● **Work to complete**
Print every record below exactly, minus the pictures.

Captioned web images
^^^^^^^^^^^^^^^^

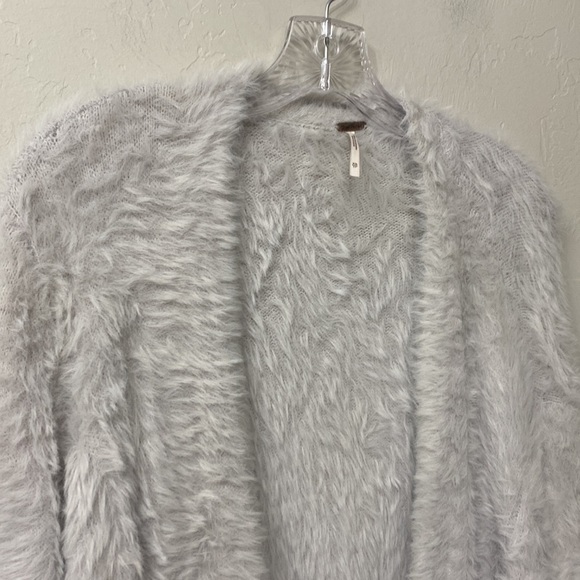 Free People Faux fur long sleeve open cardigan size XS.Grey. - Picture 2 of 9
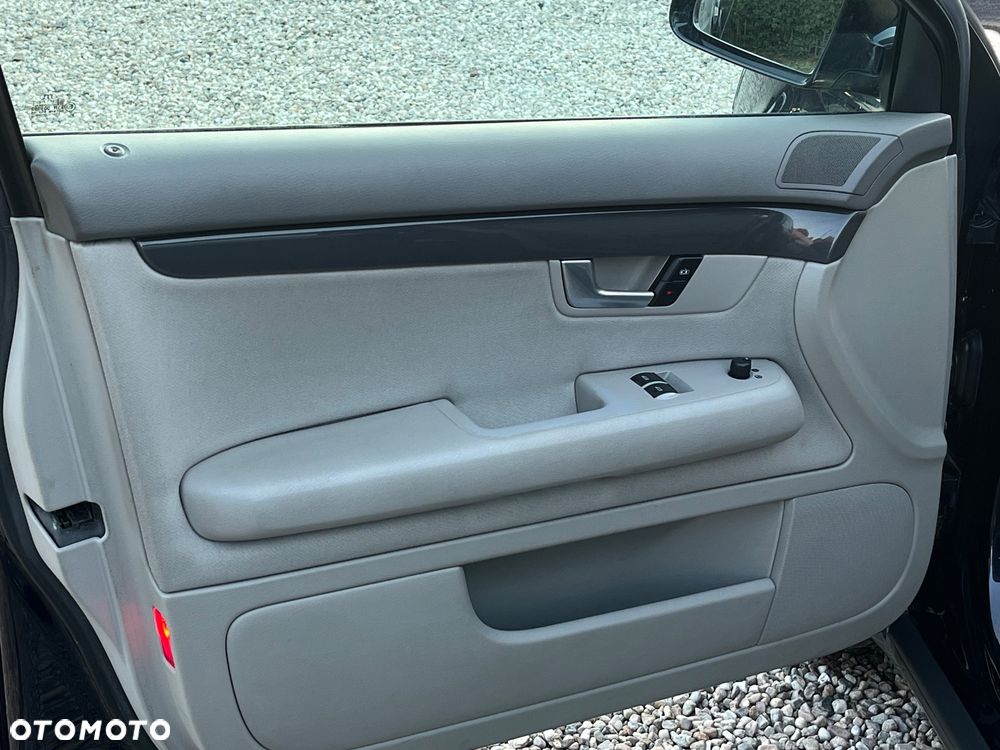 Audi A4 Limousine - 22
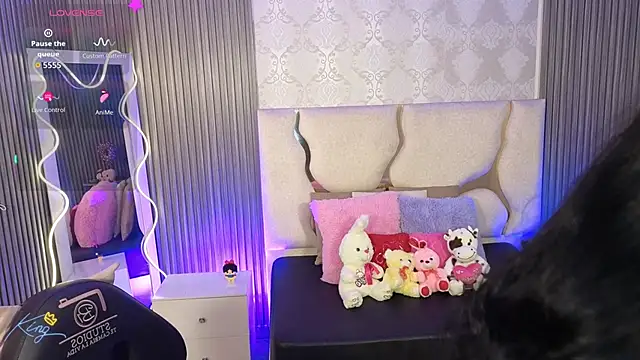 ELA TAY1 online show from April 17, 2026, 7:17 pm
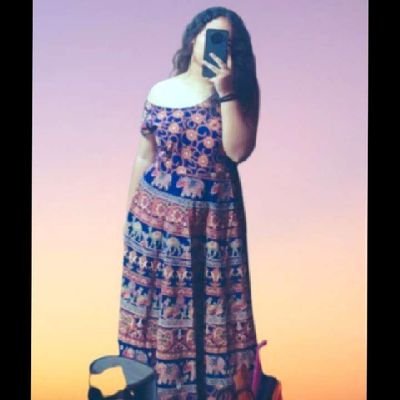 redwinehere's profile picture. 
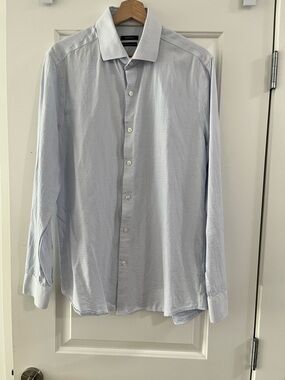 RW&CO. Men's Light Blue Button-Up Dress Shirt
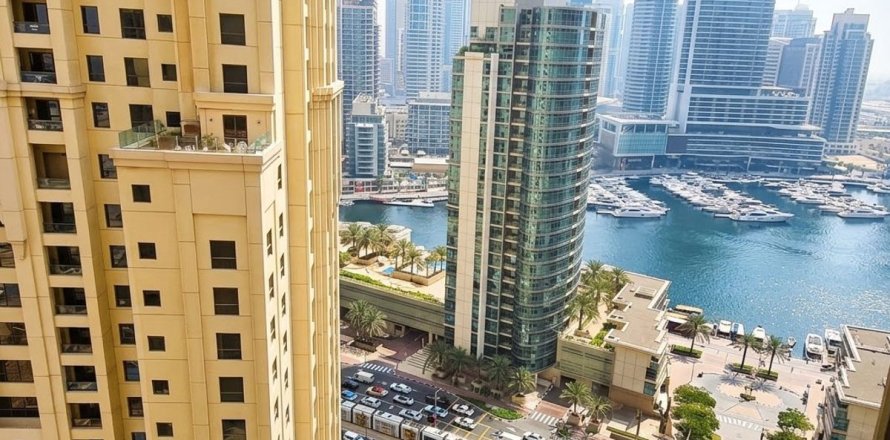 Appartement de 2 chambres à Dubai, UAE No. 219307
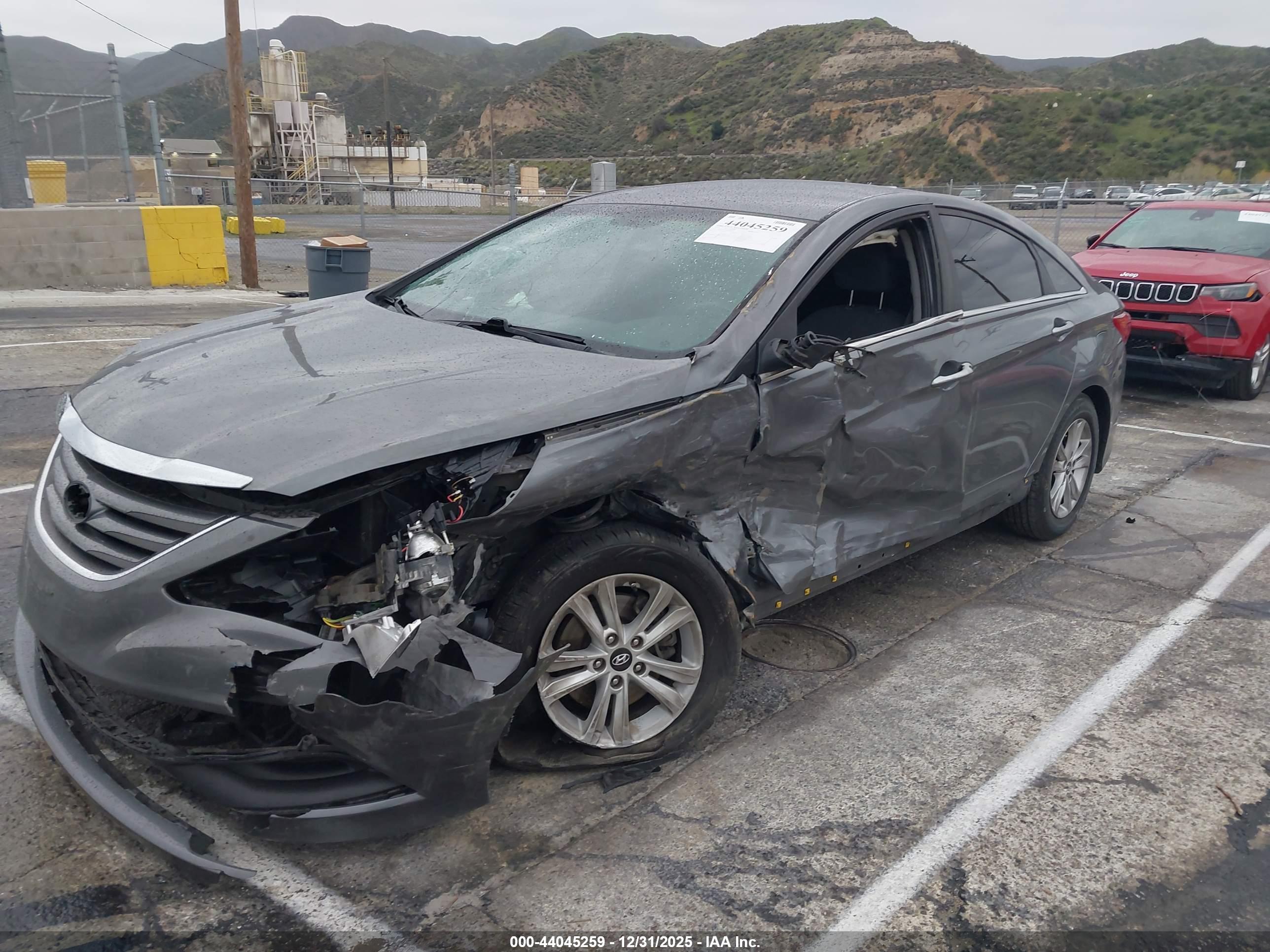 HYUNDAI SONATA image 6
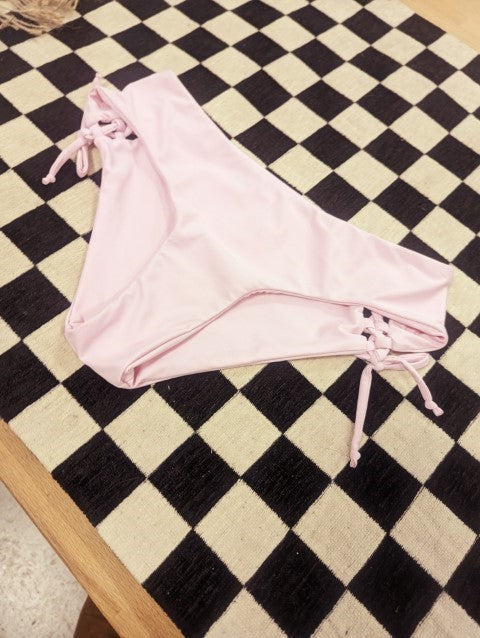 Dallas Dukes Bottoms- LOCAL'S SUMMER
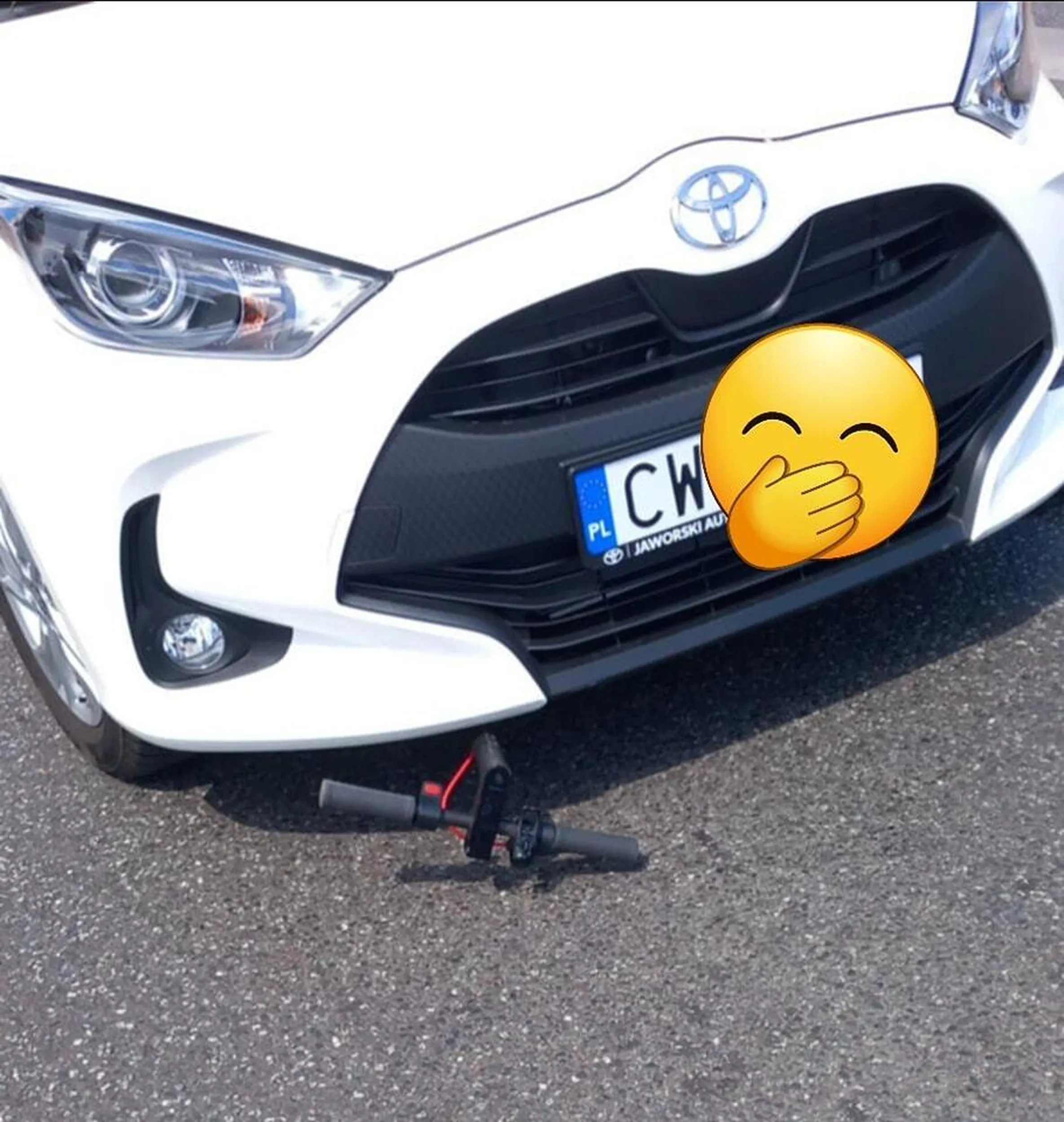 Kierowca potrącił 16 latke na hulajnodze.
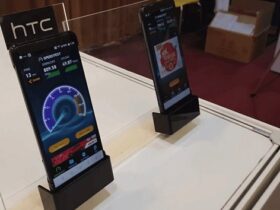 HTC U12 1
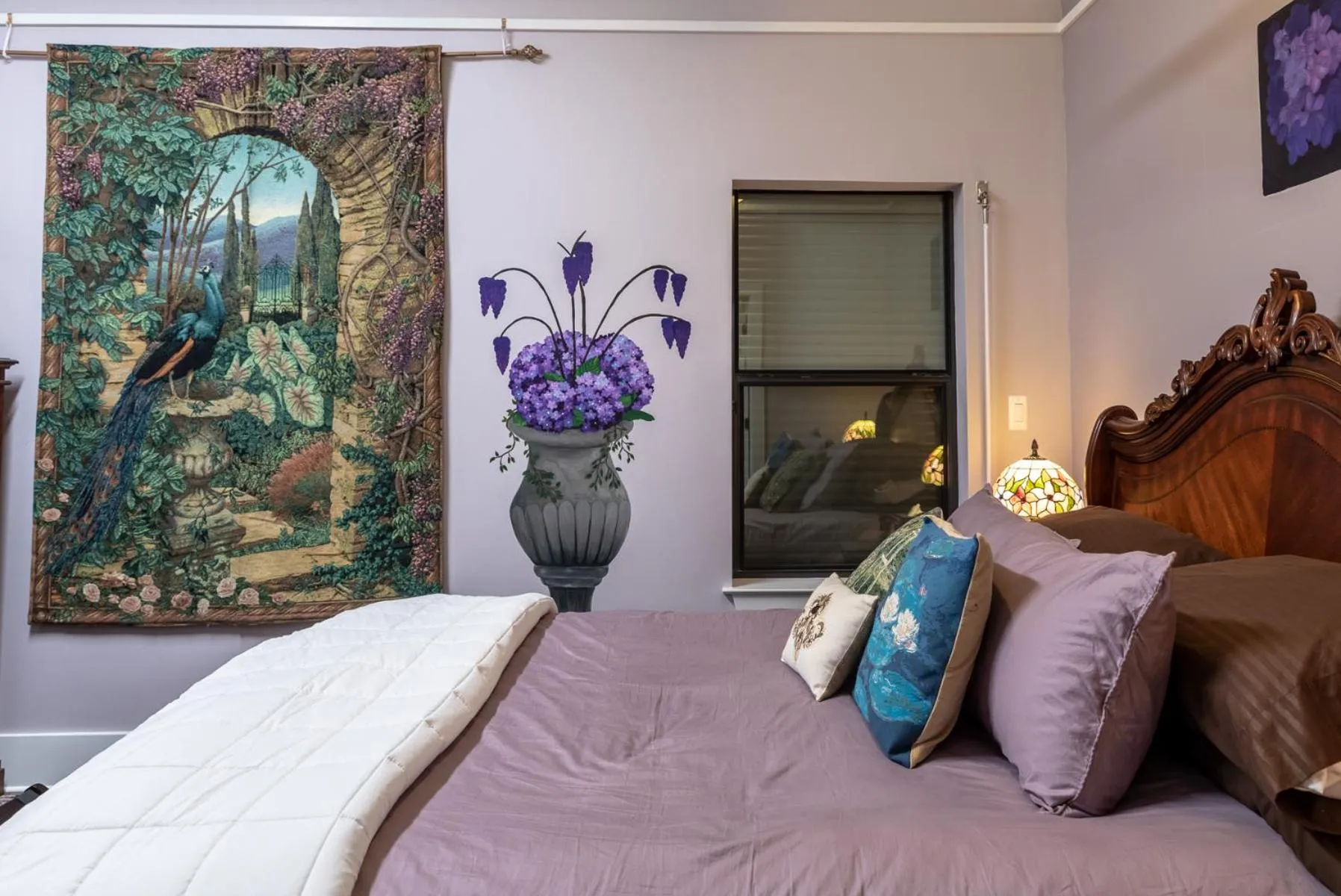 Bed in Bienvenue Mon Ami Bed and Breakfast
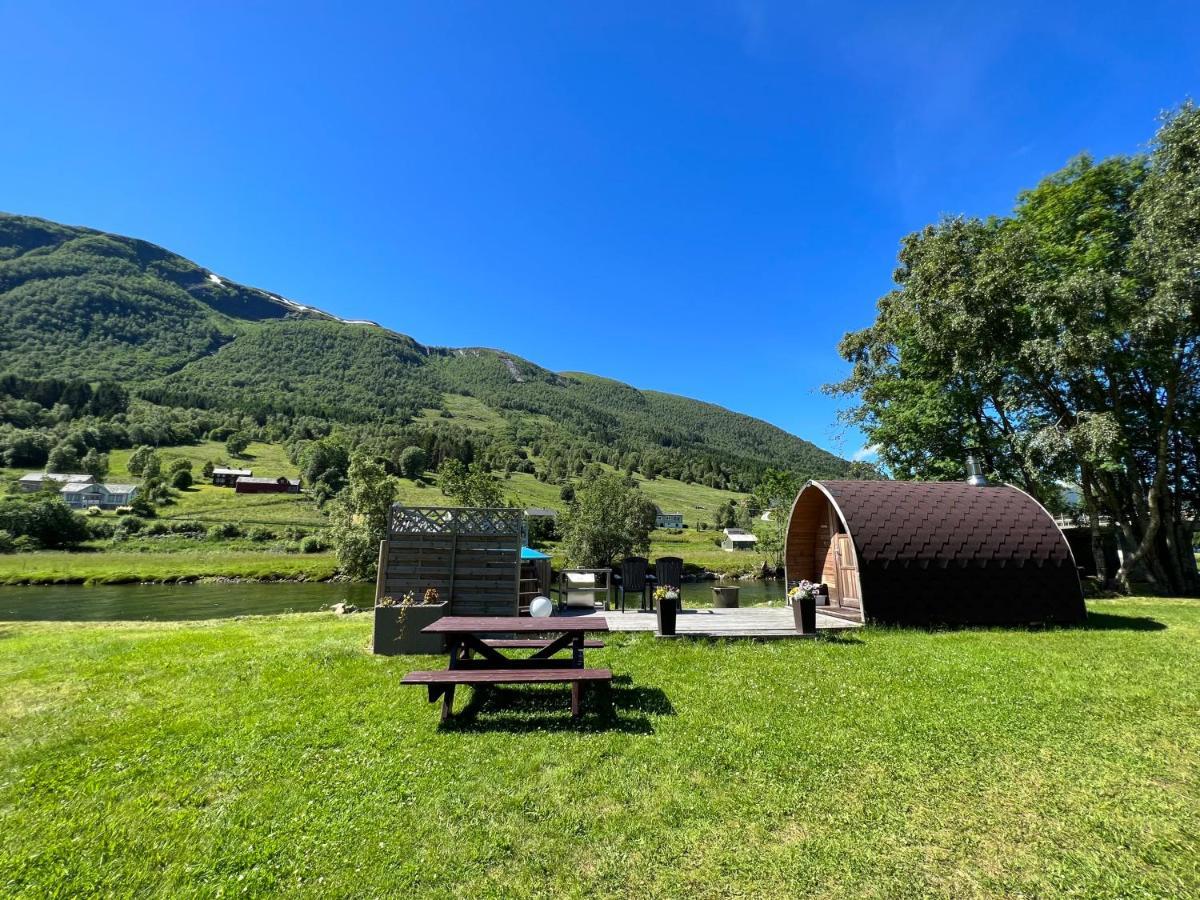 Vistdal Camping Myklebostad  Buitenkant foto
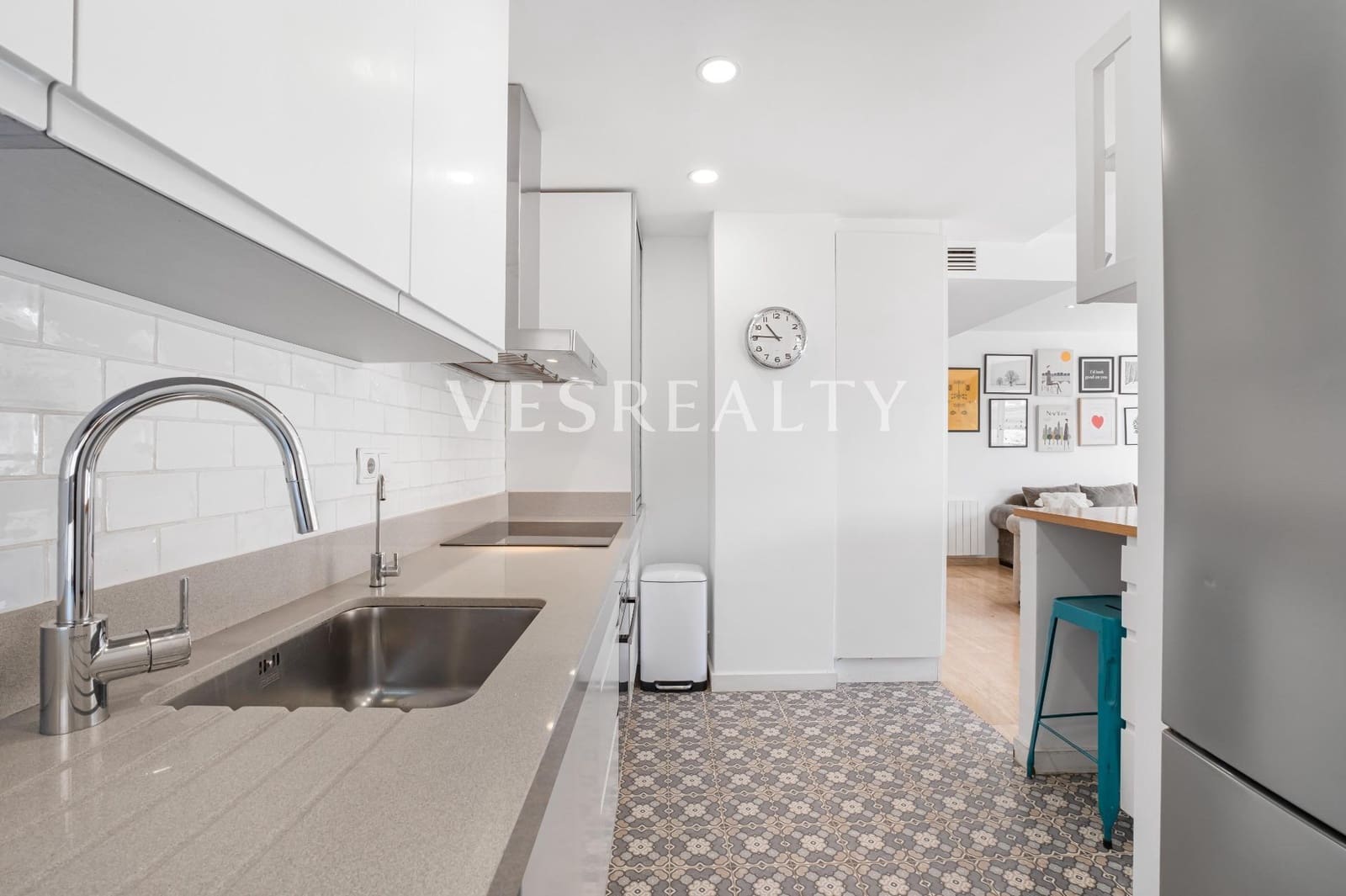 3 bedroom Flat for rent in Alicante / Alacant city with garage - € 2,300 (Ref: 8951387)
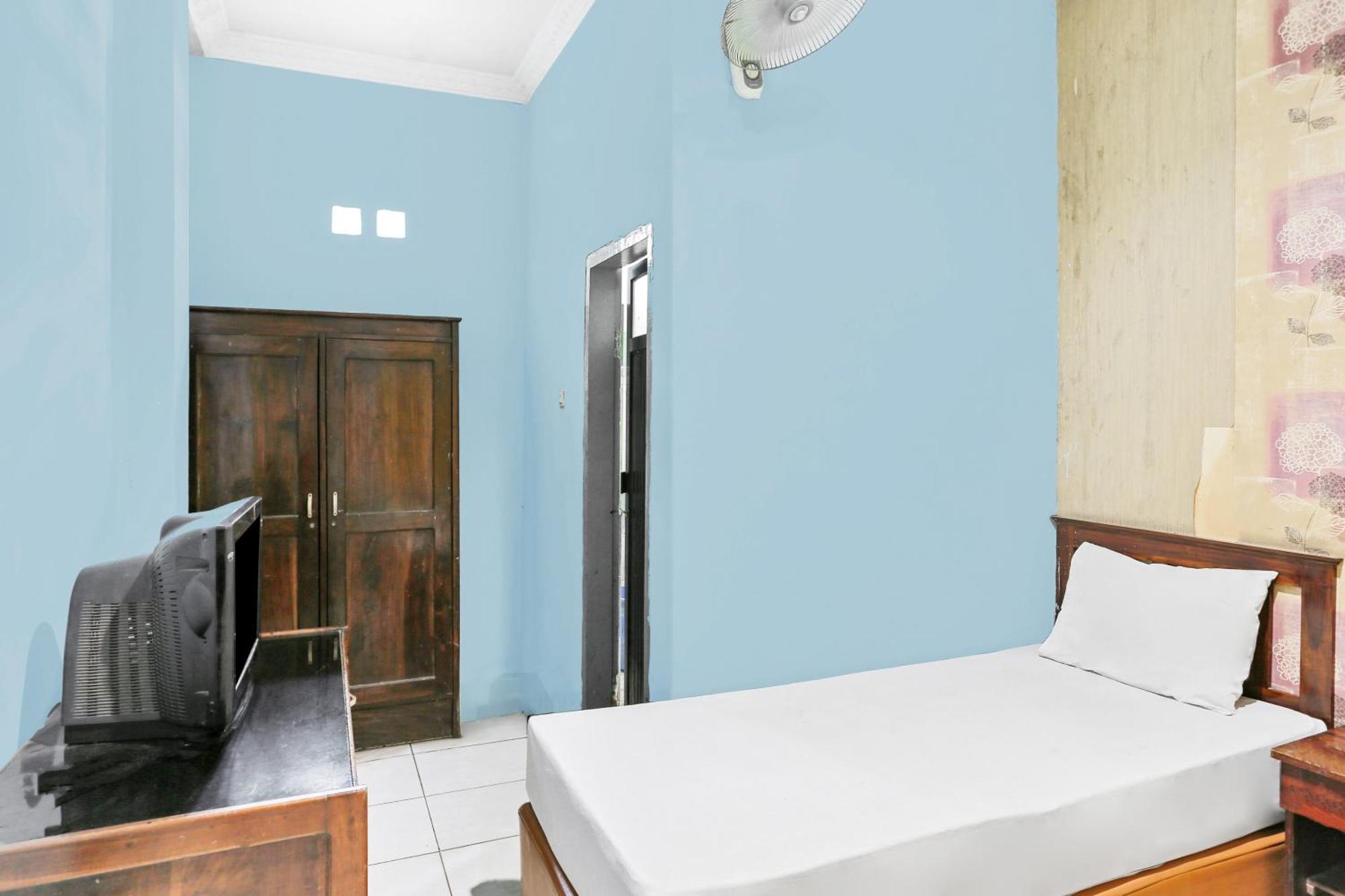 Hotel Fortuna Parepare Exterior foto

^^^^^^^^^^^^^^^^

● **Exercise output**
 Free People Faux fur long sleeve open cardigan size XS.Grey. - Picture 2 of 9
 Audi A4 Limousine - 22
 ELA TAY1 online show from April 17, 2026, 7:17 pm
 redwinehere's profile picture. 
 RW&CO. Men's Light Blue Button-Up Dress Shirt
 Appartement de 2 chambres à Dubai, UAE No. 219307
 HYUNDAI SONATA image 6
 Dallas Dukes Bottoms- LOCAL'S SUMMER
 Kierowca potrącił 16 latke na hulajnodze.
 HTC U12 1
 Bed in Bienvenue Mon Ami Bed and Breakfast
 Vistdal Camping Myklebostad  Buitenkant foto
 3 bedroom Flat for rent in Alicante / Alacant city with garage - € 2,300 (Ref: 8951387)
 Hotel Fortuna Parepare Exterior foto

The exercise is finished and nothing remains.